WHAT YOU ARE ASKED TO DO: In the listing below, a line holding "Pullover in Garnmix" and a line holding "Om Mississippi Magnet" mark the range. Retype both exactly, with all lines between them.

EXTRACTED DATA:
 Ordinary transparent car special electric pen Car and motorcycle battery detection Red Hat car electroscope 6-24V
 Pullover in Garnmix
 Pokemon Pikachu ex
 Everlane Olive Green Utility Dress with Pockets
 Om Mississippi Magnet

--

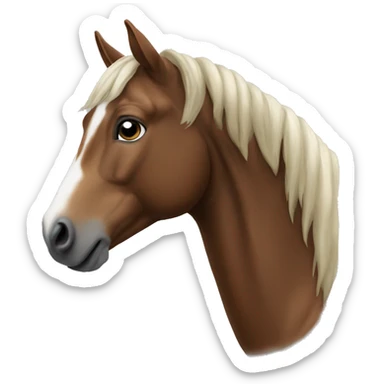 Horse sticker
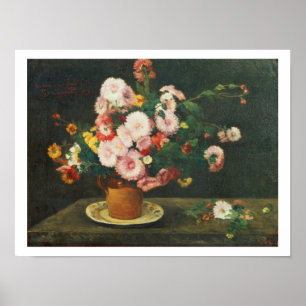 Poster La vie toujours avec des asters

EXERCISE ANSWER:
 Pullover in Garnmix
 Pokemon Pikachu ex
 Everlane Olive Green Utility Dress with Pockets
 Om Mississippi Magnet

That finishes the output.